My Amiga was a thing of wonder to me,and as I sat there with my A500+ it would seem implausible to me that the company behind it was already in a slow decline. In December Doom was released on the PC in all its 3D glory, changing the face of gaming and driving another nail into the Amiga's coffin. By April 1994 the fight was over and Commodore would be bankrupt and the Amiga dead.

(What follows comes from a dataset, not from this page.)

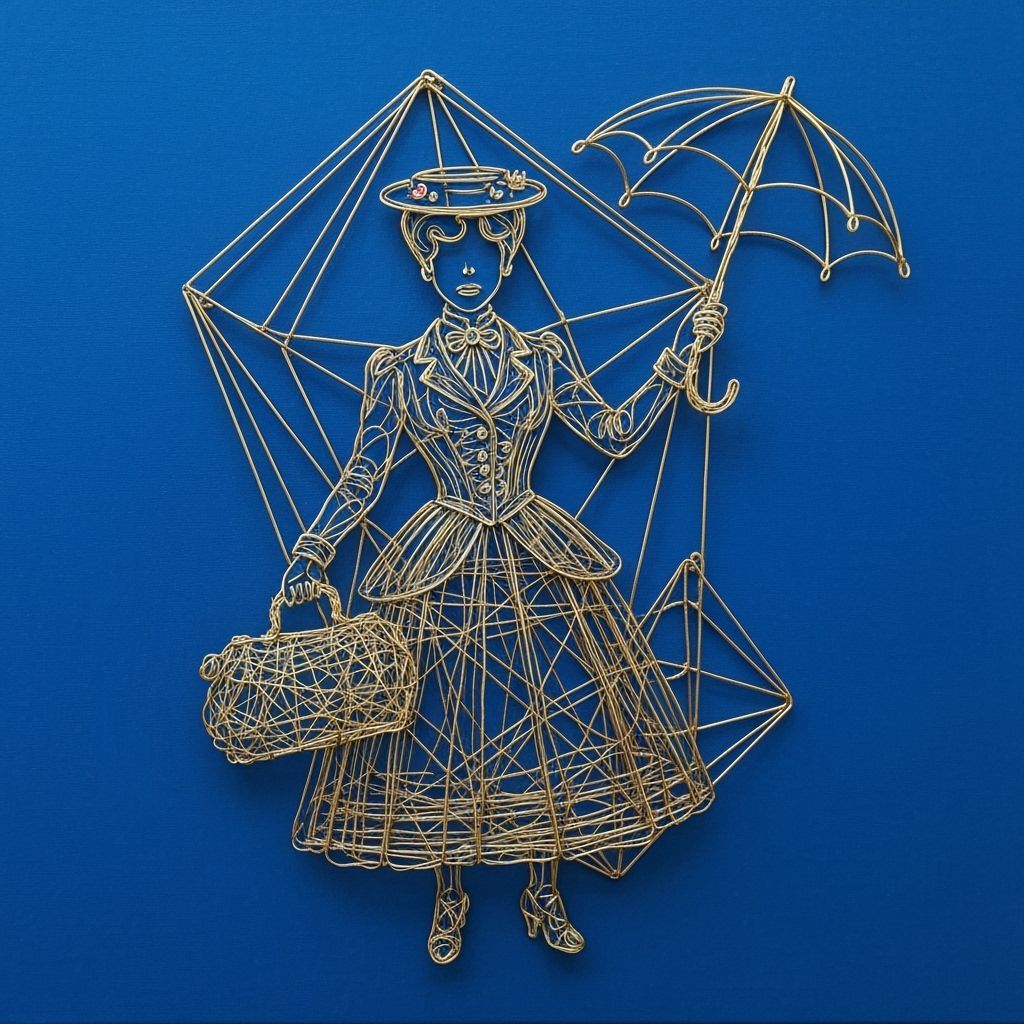 Abstract Gold Wire Representation of Mary Poppins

At age 11 such things didn't register with me, nor would they have really mattered to me because at that moment all that mattered to me was I had a new game. Games typically cost around £30 which since I got £1.10 pocket money meant they were a huge investment for me. I spent months scanning issues of Amiga Power before making a decision on a which one i was going to buy next. I typically got 2-3 games a year and the wait was unbearable, though I soon realized that if I didn't spend my lunch money It virtually doubled my spending power. I mean whats a bit of food compared to a new game?


So there we are sitting in the spare room and I'm talking about the game, I don't remember my words but  I do remember what I loved about the game. The colourful and detailed graphics, the atmospheric sound, the bright yellow and red explosion trigged by the destruction of a tank which left behind a satisfying crater, and about how you were fighting for a entire world over a map where you chose where to strike next.
But most of all I would have talked about the Sandworms giant tank eating behemoths who were a ever present menace. They meant Dune wasn't just a battlefield to play out my dreams of being a general, it was a world which was beyond my control and would leave my plans in ruins if I took my eyes of it for a second.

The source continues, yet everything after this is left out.